(Beginning of Records provided)

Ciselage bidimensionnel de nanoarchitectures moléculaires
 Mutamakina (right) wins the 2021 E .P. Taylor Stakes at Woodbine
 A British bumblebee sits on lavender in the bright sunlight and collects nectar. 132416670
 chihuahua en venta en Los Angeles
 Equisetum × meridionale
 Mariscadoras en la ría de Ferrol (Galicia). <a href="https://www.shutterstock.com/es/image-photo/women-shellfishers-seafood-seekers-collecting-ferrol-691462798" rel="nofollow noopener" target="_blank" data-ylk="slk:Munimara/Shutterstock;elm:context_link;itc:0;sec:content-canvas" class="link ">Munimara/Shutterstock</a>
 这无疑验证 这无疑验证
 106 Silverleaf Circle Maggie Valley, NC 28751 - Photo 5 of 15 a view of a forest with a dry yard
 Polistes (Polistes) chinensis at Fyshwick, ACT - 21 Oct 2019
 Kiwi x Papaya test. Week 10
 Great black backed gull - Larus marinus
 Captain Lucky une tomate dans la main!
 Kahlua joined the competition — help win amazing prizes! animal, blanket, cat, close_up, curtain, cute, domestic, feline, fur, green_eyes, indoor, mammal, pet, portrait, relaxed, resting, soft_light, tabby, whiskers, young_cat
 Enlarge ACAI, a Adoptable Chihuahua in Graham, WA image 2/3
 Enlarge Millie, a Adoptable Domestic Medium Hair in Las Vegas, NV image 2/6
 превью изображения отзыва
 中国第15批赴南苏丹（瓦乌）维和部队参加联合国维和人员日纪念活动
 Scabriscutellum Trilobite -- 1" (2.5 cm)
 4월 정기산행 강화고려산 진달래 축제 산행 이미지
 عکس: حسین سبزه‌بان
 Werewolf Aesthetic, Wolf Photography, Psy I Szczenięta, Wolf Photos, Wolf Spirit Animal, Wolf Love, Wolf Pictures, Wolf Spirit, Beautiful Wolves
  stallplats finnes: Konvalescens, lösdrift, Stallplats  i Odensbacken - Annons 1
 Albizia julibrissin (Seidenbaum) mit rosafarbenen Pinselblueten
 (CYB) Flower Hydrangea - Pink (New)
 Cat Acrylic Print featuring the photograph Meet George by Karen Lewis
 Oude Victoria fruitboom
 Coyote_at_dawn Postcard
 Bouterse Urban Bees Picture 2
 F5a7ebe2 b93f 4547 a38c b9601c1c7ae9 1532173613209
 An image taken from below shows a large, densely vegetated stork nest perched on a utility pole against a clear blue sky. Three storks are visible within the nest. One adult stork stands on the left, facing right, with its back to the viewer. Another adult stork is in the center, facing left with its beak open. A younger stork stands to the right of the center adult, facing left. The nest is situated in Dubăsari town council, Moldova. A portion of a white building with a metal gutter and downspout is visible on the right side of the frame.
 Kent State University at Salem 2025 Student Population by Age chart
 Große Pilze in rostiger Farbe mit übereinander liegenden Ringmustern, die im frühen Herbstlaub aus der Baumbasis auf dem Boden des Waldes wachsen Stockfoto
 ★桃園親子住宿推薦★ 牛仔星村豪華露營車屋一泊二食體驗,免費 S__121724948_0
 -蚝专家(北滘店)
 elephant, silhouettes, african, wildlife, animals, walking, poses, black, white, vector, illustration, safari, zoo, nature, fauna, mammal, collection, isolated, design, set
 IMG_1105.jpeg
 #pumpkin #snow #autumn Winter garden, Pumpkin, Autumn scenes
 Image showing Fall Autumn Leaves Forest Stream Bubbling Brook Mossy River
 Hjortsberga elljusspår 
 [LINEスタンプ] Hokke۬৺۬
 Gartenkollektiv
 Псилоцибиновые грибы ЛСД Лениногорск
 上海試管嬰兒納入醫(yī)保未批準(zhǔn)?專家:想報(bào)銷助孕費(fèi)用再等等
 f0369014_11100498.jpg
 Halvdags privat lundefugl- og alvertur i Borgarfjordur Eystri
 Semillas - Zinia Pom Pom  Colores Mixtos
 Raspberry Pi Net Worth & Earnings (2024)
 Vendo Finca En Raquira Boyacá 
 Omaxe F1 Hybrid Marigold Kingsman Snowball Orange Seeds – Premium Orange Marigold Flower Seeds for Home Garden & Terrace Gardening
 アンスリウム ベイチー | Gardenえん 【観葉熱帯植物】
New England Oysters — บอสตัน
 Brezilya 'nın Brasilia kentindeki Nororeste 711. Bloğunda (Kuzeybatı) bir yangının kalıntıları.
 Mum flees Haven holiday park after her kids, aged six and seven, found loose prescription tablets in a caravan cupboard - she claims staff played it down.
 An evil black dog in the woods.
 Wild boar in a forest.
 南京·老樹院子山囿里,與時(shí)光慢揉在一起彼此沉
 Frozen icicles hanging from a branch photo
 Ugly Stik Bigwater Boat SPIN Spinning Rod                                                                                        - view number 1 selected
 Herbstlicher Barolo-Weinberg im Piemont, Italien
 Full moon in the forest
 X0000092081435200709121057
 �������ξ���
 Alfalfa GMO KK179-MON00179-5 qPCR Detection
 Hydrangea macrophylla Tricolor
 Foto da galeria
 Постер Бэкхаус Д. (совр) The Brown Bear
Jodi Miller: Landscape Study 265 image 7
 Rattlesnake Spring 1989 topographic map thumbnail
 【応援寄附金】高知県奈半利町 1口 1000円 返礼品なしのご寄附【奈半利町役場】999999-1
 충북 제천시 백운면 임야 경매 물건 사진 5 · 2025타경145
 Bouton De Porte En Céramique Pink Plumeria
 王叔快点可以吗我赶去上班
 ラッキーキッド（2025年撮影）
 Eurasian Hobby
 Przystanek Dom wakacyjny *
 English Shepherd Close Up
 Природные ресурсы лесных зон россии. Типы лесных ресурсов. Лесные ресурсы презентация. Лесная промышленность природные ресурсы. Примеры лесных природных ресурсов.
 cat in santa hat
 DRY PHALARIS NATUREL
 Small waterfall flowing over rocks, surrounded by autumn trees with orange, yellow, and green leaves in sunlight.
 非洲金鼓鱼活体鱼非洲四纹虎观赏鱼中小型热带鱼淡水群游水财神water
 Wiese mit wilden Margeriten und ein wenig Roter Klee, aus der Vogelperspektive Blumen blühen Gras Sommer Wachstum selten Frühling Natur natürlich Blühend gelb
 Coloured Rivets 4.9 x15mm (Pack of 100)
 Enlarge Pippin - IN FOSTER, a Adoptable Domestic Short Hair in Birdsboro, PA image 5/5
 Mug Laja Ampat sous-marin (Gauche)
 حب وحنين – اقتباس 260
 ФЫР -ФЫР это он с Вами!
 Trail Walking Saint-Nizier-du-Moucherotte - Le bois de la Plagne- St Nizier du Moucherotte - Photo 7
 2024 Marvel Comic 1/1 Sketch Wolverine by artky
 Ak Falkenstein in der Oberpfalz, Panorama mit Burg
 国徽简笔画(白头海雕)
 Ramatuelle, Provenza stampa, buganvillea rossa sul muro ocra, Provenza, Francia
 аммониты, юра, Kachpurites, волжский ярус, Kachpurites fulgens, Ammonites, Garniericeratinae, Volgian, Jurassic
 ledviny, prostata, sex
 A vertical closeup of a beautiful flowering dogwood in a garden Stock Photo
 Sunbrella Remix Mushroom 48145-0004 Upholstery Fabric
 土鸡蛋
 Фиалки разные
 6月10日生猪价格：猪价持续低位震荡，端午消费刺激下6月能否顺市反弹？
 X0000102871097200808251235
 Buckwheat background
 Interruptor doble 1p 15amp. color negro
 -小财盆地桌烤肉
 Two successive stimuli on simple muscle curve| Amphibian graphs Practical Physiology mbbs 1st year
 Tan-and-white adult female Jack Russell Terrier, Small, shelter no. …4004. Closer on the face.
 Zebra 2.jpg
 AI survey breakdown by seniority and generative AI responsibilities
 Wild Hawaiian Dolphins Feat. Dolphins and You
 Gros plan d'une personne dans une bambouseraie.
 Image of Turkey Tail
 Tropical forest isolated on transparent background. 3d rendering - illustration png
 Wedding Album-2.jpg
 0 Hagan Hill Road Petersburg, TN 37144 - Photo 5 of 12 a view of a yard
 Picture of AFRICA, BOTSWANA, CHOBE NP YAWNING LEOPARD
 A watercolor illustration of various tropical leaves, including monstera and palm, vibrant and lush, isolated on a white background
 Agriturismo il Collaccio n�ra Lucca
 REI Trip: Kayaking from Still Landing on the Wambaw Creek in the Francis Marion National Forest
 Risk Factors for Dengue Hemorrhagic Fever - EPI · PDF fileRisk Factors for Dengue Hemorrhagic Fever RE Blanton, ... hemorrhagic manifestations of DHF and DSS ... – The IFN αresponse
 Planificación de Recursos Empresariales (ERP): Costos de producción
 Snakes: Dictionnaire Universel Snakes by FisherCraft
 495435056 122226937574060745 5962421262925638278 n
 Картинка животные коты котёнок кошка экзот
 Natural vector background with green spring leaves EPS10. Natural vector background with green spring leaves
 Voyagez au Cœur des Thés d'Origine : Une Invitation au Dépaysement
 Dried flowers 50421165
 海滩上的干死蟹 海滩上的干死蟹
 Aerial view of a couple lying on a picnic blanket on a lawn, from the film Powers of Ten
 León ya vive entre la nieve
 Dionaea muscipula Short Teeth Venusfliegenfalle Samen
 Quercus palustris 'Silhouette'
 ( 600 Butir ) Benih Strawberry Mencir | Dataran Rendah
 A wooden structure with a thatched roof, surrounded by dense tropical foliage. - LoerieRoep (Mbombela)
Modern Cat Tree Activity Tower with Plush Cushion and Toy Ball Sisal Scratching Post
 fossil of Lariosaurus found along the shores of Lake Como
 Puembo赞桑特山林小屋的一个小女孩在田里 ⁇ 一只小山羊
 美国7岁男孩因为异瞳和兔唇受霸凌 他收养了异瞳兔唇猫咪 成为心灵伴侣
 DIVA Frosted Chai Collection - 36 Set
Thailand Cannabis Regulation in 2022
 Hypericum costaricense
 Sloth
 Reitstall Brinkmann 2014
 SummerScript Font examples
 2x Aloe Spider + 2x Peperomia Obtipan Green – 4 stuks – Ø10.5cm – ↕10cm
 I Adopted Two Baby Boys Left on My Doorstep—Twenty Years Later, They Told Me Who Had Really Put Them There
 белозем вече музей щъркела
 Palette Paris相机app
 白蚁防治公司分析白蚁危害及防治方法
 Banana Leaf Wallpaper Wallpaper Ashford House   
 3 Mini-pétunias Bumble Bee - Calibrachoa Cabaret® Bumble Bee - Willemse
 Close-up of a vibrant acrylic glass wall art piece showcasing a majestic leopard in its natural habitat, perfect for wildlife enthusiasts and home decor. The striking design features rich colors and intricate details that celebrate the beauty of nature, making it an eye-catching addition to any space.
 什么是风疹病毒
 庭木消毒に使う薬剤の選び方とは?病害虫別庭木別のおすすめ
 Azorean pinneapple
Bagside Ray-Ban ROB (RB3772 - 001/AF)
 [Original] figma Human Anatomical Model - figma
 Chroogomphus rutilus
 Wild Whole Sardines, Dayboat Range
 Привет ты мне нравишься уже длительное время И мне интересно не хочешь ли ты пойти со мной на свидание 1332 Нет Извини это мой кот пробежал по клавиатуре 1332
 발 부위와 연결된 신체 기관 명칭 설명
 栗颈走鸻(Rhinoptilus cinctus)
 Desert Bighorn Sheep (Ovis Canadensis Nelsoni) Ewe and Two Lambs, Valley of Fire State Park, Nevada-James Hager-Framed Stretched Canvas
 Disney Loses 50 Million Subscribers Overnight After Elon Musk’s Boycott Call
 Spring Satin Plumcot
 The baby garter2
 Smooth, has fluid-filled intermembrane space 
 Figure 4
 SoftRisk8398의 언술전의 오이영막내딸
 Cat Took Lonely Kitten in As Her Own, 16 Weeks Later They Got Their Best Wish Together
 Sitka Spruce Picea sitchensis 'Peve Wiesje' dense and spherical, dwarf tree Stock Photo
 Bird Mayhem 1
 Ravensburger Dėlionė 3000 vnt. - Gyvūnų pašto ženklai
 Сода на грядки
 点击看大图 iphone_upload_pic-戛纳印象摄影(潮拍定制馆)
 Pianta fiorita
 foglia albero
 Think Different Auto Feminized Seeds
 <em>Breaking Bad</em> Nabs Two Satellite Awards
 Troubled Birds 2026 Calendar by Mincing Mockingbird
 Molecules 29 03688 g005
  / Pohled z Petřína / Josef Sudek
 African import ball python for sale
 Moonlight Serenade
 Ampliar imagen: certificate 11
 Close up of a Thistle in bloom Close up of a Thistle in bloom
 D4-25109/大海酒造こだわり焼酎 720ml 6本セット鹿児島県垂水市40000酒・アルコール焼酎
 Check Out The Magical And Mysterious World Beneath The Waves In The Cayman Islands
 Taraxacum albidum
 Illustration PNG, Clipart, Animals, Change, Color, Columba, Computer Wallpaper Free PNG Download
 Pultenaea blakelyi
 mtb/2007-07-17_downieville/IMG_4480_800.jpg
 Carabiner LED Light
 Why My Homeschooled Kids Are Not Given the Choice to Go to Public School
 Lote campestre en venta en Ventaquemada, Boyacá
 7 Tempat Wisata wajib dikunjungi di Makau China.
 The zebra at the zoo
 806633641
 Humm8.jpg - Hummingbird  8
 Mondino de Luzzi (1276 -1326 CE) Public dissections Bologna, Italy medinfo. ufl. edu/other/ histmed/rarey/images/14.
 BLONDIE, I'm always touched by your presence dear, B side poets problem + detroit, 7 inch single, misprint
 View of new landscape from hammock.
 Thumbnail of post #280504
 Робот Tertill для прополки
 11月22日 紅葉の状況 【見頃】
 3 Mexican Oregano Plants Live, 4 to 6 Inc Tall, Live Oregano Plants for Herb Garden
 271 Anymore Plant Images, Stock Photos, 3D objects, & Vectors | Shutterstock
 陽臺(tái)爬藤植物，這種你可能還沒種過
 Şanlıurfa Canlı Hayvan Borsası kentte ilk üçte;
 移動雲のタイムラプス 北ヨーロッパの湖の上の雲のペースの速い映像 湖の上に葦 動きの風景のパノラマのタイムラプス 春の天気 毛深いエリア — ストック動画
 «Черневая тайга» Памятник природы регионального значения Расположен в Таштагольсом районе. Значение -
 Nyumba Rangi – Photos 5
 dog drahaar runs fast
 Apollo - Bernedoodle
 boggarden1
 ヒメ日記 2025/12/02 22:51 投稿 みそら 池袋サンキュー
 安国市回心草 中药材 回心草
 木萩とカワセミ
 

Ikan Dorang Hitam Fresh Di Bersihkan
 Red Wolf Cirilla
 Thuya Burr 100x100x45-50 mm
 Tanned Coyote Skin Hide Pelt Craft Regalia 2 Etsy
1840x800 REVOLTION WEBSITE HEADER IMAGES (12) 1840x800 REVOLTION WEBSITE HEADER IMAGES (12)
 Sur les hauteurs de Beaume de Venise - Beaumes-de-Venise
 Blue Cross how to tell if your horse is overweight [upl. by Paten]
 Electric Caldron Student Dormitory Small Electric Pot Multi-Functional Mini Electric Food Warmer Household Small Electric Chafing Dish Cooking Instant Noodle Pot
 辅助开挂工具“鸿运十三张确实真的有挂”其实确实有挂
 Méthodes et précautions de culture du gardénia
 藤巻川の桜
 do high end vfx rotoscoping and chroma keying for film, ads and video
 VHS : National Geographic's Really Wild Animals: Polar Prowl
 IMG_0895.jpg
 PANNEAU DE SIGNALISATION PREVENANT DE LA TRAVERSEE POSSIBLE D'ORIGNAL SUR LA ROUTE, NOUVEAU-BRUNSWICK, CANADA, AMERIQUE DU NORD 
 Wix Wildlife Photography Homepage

(End of Records provided)

→ What is expected: Starting at the line that holds "do high end", set down each line exactly through the last line of the records above, and no others.

→ Solution for this problem:
 do high end vfx rotoscoping and chroma keying for film, ads and video
 VHS : National Geographic's Really Wild Animals: Polar Prowl
 IMG_0895.jpg
 PANNEAU DE SIGNALISATION PREVENANT DE LA TRAVERSEE POSSIBLE D'ORIGNAL SUR LA ROUTE, NOUVEAU-BRUNSWICK, CANADA, AMERIQUE DU NORD 
 Wix Wildlife Photography Homepage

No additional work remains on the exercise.